Tuesday, 27 March 2012
And at the bottom, and example of "playing with novelty grafting to add many different scions to a fruit" - espalier of three varieties, Passe Crassane, Beurre d’Anjou, and Bergamot d'Esperen
Very skinny stock, had to find an equally weedy bit of scionwood to match
Poor amount of root
Again, not much root, with nasty split at the bottom of the wood
As I left it too late to order stocks from Frank Matthews, I ended up ordering them from a new supplier, Blackmoor nurseries. I have to say I was very disappointed with the quality of the rootstocks. The pears in particular were very weedy, they only matched the width of average-sized scions within a few inches of the root, much lower than I would normally like to position a graft. One was completely dead, and a few had minimal roots. The single apple stock of m111 had barely any root, and this was also split down the middle, annoying as I really want this one to succeed as my stock tree for my new variety.
I won't be buying from them again!
Just a few photos to illustrate my grafting method (namely the 'whip and tongue' technique.
I found this page on whip and tongue grafting, which made me laugh.
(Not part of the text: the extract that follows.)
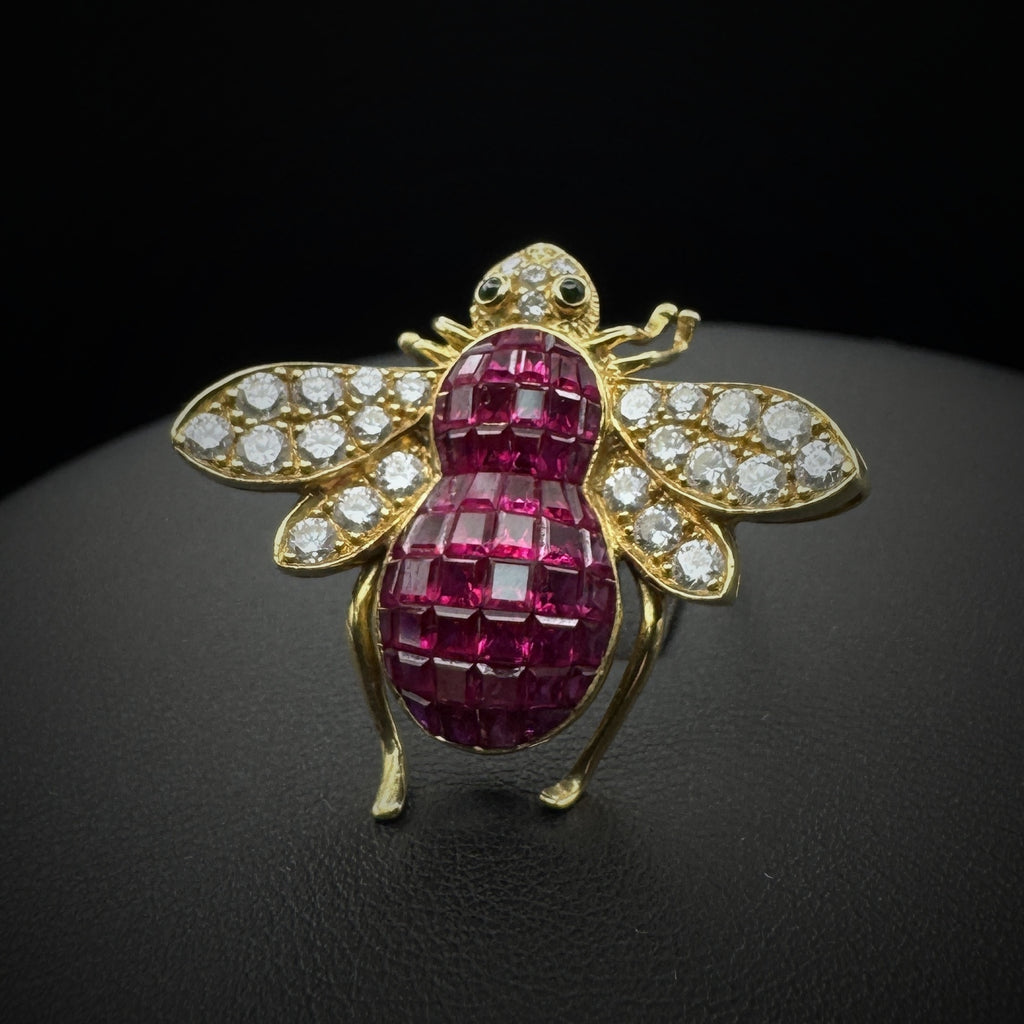 Vintage "Bee" Invisible Set Rubies & Diamonds Gold Brooch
I don't think the author would have much time for the way I do things! The instructions are quite good, apart from the bit about twine and sealing wax - I've tried that when I first started and believe me, crappy, cheap, low-tack duck tape and clothes pegs are much easier!
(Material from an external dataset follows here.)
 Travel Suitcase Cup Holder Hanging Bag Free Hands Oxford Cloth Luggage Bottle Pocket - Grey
We are down to our last 3 pears of 2011, Santa Claus which has proved to be the longest keeping. Although they have shrivelled, they are still remarkably firm and crisp, just beginning to soften slightly now. Considering that we are almost in April, the flavour is remarkably good - not as fine as the few that ripened earlier but still of a quality that is welcome at this time of year. Next year I will wrap them in tissue paper to stop them drying out so much, now that I know that they take quite so long to mature.